=== Task objective ===
Everything in the listing should be set down exactly, apart from the pictures.

=== Material provided ===
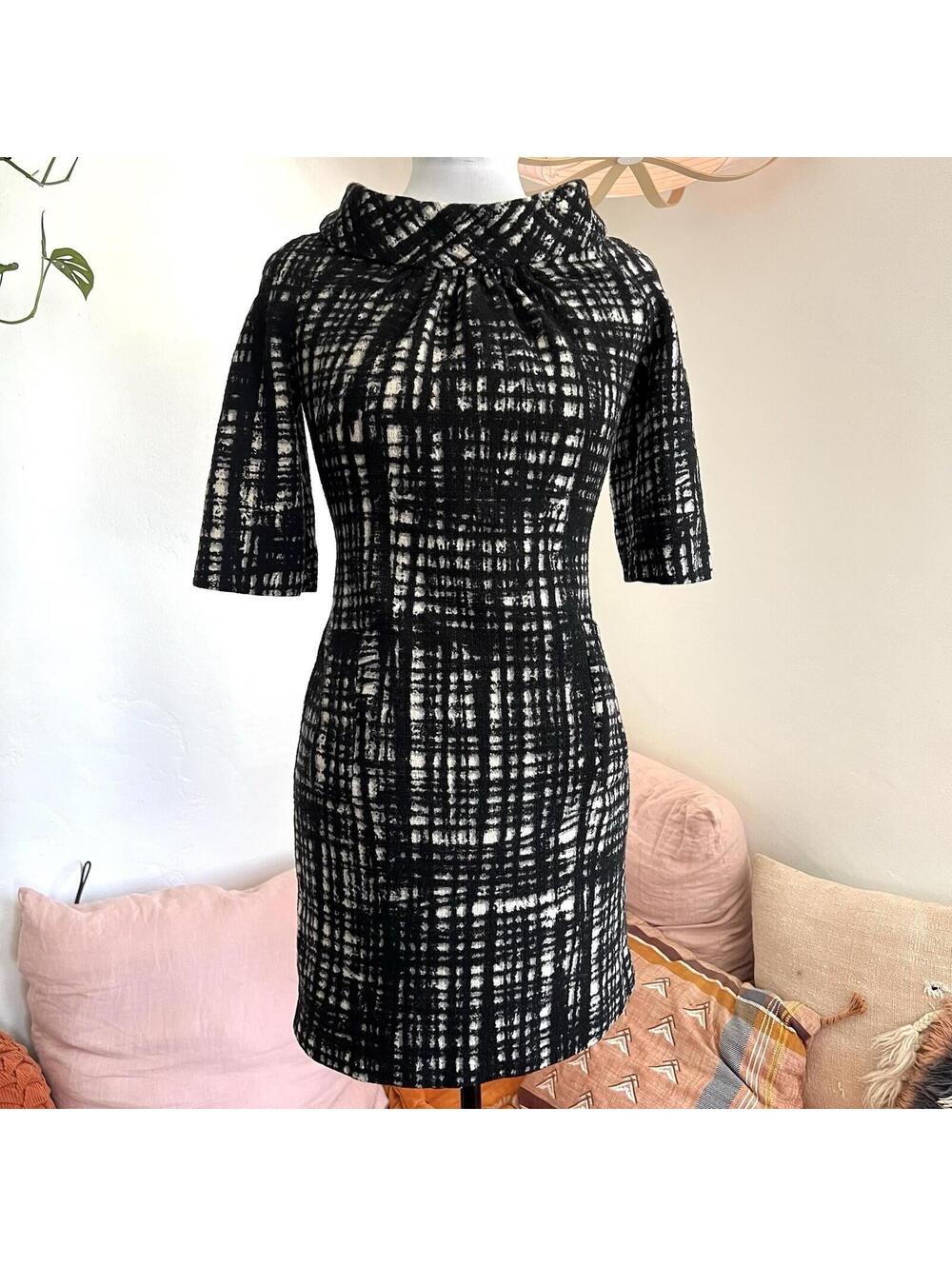 Michael Kors Collection Black White Wool Tweed Sheath Dress Made in Italy Size 2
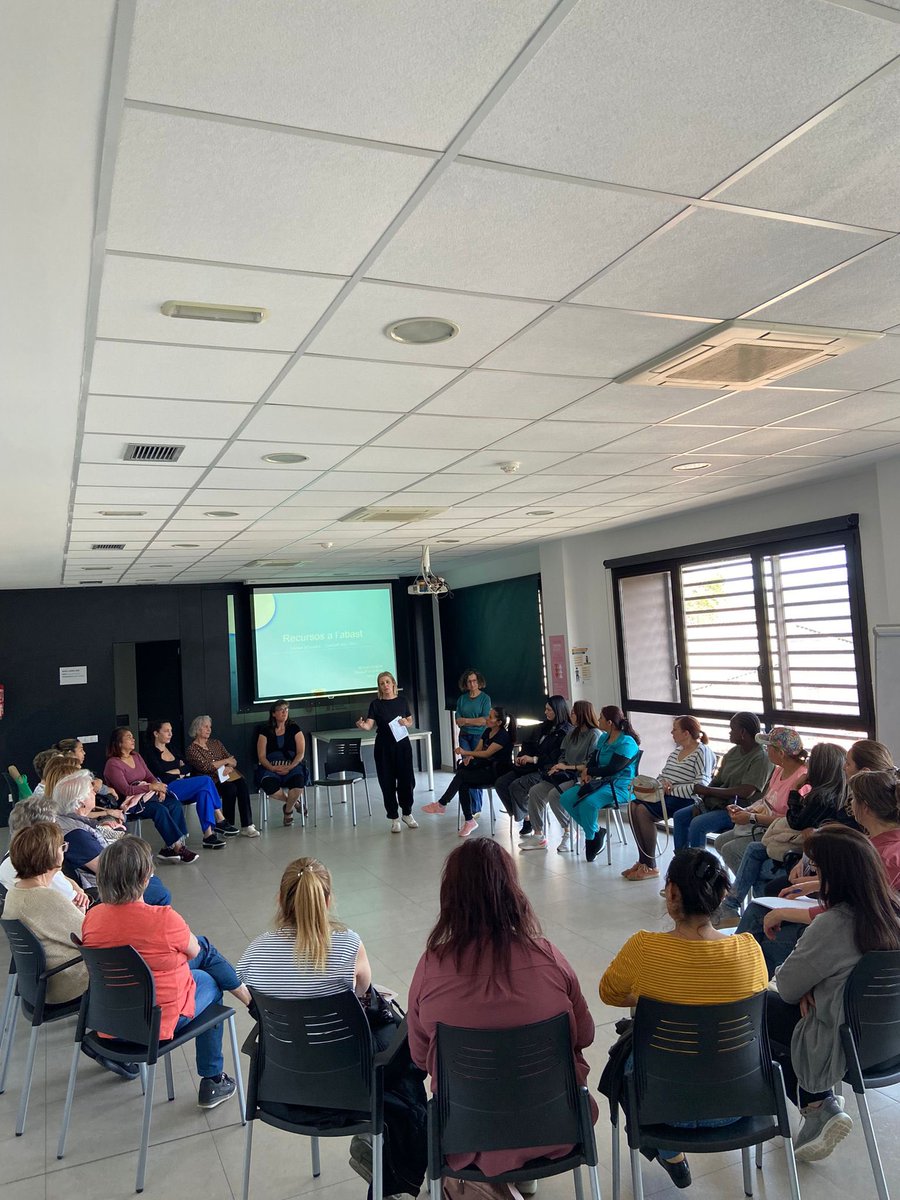 Tresa115's tweet photo. Avui hem començat la 3a edició de #escoladecures “cuidem-nos” de l’ @ajtcardona @icscatcentral @icscat #noparem #CAPCardona https://t.co/Atidxdy5RP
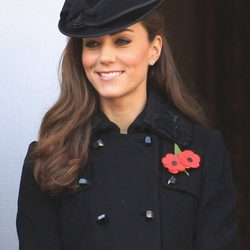 Kate Middleton con ojos ligeramente smokey y un semirecogido adornado por un tocado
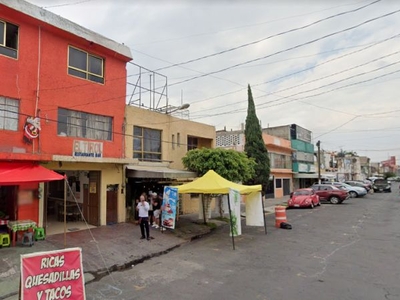 Casa en Venta en Nezahualcóyotl, Estado de México, ADJUDICADA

=== Task answer ===
 Michael Kors Collection Black White Wool Tweed Sheath Dress Made in Italy Size 2
 Tresa115's tweet photo. Avui hem començat la 3a edició de #escoladecures “cuidem-nos” de l’ @ajtcardona @icscatcentral @icscat #noparem #CAPCardona https://t.co/Atidxdy5RP
 Kate Middleton con ojos ligeramente smokey y un semirecogido adornado por un tocado
 Casa en Venta en Nezahualcóyotl, Estado de México, ADJUDICADA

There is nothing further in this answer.